Çizgi roman tarihine baktığımızda en eski ve en popüler olan iki tane süper kahramanla karşılaşırız. Superman ve Batman... Bu karakterler, 75 yıldan fazla süredir çizgi roman sayfalarında maceradan maceraya atılıp popülerliklerini arttırarak günümüze kadar geldiler. Onların varlığı ve başarısı şu sıralar sevdiğimiz, takip ettiğimiz, sinemalarda gişe kuyruğuna girdiğimiz, uğruna paralar harcadığımız pek çok süper kahramanın yaratılmasına vesile oldu. Çizgi roman kültürünün bu kadar gelişmesini yine onlara borçluyuz. Çelik Adam ve Kara Şövalye'nin çizgi roman sayfalarında yaptığı bu öncülük, aynı şekilde süper kahraman filmlerinde de kendini gösteriyor. 40'lı yıllarda çekilen serial'lar, 50'li - 60'lı yıllarda yapılan TV dizileri ve modern süper kahraman sineması tarihinin orijini olarak saydığımız 1978 yapımı Superman filminden başlayarak DCEU'ya kadar uzanan oldukça geniş bir filmler zinciri söz konusu. Yapılan bu işlerde Batman'in şansının Superman'e göre daha yaver gittiği bir gerçek. Tim Burton'ın dünyada Batmania akımını zirveye çıkaran Batman filmleri ve Christopher Nolan'ın artık "en iyi filmler listeleri"nin müdavimi haline gelen Kara Şövalye üçlemesi karakterin sinemasal değerini hiç olmadığı kadar arttırdı. Hal böyle olunca, eğer spesifik olarak bir karakterin hayranı değilseniz solo Batman filminin verdiği heyecan diğer yapımlardan doğal olarak farklı oluyor. Çizgi roman severlerin yanı sıra genel sinema izleyicisi üzerindeki etkisi de diğer karakterlere nazaran güçlü bir hale geliyor böylece.

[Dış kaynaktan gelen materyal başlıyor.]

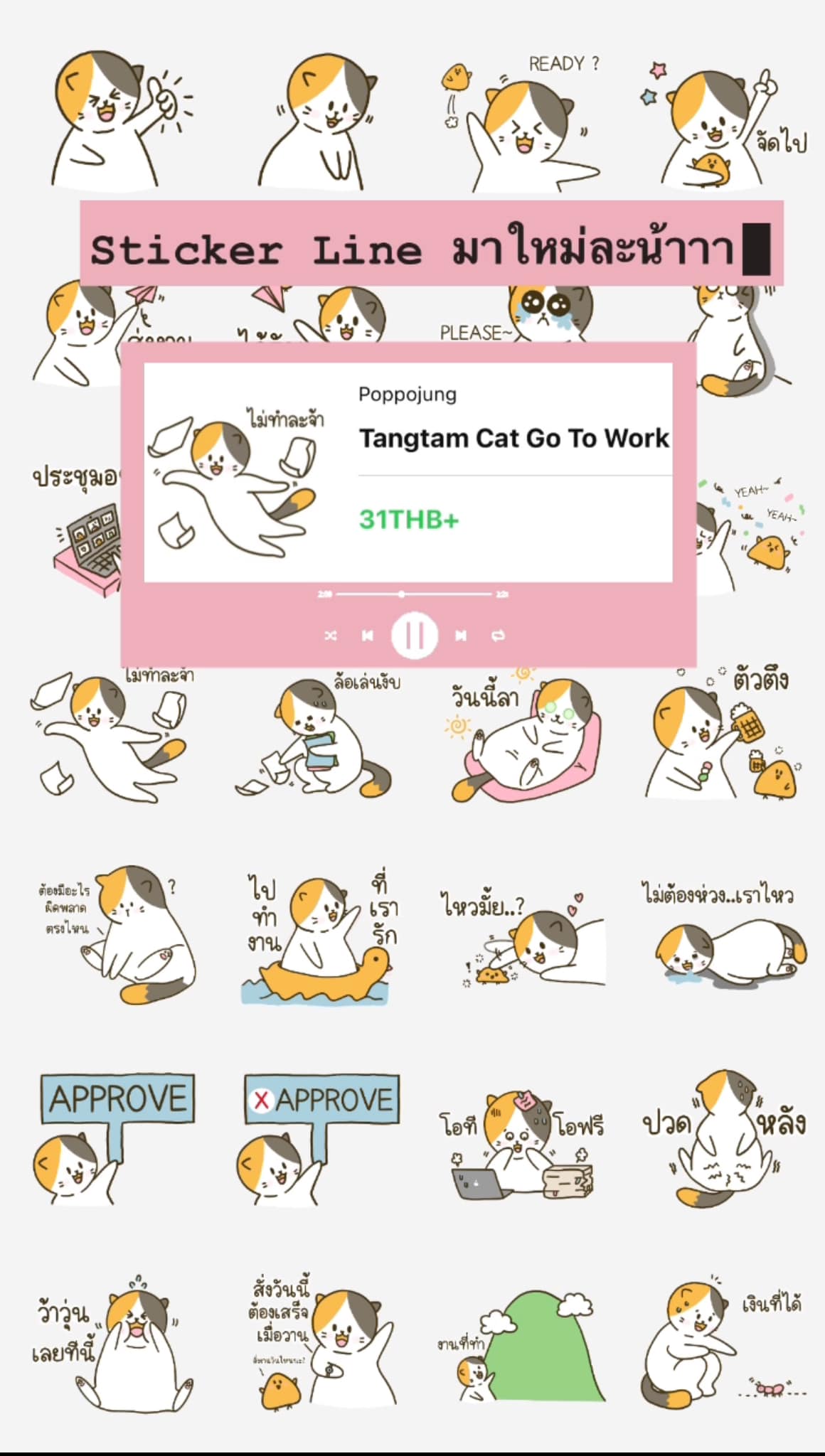 Eatnosleep - ชวนมารู้จัก น้อนแต่งแต้ม แงวสามสี 🐱... | Facebook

Peki Ben Affleck'in şu sıralar Geoff Johns ile senaryosunu yazmakta olduğu, 2017 ilkbaharında çekimleri başlayacağı söylenen Batman filminde neler görmek istiyoruz? Filmin konusuyla ilgili hiçbir resmi bilgi şuan mevcut değil. Bu sebeple yazının buradan sonrası bir istek listesi mahiyetinde olacak. Peçeteleri ve tükenmez kalemleri hazırlayın efendim!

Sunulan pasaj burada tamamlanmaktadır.